Albert Richter, Fliegerweltmeister von 1932 und mehrfacher Deutscher Meister, war Anfang 1940, beim Versuch Deutschland in Richtung Schweiz zu verlassen, verraten und im Gestapo Gefängnis Lörrach ermordet worden. Er hatte sich zuvor stets geweigert, den Kontakt zu seinem jüdischen Manager abzubrechen, den Hitlergruß zu entrichten oder während seiner Rennen Hakenkreuz-Trikots zu tragen. Die Kölner Staatsanwaltschaft will 1966 kein Verfahren zur Aufklärung des Geschehens eröffnen. Wichtige Zeugenaussagen werden nicht berücksichtigt, eine Autopsie wird nicht durchgeführt.

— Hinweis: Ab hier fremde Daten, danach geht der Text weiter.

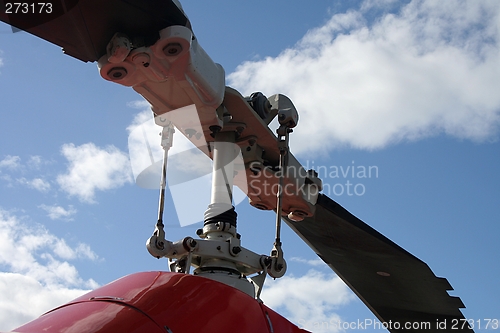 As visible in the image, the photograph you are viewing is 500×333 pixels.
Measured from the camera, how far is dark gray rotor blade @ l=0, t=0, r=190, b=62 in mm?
2613

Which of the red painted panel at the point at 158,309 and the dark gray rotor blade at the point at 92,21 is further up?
the dark gray rotor blade at the point at 92,21

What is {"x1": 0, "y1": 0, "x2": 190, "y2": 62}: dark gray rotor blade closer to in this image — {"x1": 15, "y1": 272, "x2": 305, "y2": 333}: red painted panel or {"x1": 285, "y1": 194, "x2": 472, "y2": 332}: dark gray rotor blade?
{"x1": 15, "y1": 272, "x2": 305, "y2": 333}: red painted panel

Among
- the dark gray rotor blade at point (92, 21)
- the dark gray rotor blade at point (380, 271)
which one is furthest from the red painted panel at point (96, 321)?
the dark gray rotor blade at point (380, 271)

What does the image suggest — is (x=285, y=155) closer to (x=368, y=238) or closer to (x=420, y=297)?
A: (x=368, y=238)

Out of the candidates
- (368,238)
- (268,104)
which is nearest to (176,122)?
(268,104)

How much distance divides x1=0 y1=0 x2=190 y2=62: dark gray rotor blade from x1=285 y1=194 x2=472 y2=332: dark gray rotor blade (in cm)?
252

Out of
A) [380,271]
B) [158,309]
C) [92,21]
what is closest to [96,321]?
[158,309]

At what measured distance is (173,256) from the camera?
11.1ft

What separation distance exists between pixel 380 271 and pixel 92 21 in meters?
3.46

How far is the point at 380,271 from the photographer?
201 inches

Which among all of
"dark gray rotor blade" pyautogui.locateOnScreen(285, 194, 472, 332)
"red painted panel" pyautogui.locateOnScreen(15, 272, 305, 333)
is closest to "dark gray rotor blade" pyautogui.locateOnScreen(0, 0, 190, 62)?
"red painted panel" pyautogui.locateOnScreen(15, 272, 305, 333)

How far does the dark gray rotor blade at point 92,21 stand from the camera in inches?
103

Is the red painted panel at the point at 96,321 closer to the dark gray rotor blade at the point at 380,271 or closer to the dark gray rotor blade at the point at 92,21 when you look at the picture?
the dark gray rotor blade at the point at 92,21

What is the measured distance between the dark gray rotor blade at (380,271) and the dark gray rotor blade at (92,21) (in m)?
2.52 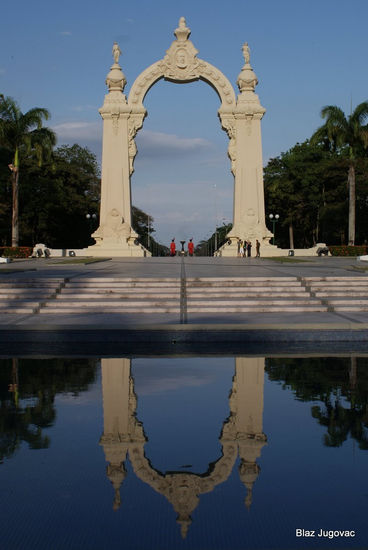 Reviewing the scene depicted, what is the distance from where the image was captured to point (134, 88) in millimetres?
49562

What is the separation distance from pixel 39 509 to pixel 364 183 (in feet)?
204

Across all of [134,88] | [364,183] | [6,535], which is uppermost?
[134,88]

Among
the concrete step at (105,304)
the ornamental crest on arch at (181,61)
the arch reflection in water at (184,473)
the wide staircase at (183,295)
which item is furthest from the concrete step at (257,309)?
the ornamental crest on arch at (181,61)

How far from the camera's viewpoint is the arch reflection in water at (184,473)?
14.2 ft

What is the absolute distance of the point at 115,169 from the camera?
50.3 meters

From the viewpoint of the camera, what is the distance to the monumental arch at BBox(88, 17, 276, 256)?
161ft

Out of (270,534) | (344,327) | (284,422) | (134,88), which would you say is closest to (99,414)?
(284,422)

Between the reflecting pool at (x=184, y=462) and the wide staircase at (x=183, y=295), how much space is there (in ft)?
22.2

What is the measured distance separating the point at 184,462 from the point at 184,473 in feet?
0.81

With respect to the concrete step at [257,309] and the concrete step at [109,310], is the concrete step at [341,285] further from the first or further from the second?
the concrete step at [109,310]

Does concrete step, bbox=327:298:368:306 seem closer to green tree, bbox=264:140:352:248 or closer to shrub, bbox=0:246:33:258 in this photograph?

Erst nach intensiven Eingaben einzelner Radsportspezialisten und langer Diskussion wurde das Kölner Velodrom Mitte der Neunzigerjahre in Albert-Richter-Bahn getauft. Der Streit um die Benennung zeigt, dass der Nazi Ausspruch: "der Name Albert Richter möge auf ewig aus unseren Reihen gelöscht sein!" noch weit in die Bundesrepublik Deutschland hineingewirkt hat.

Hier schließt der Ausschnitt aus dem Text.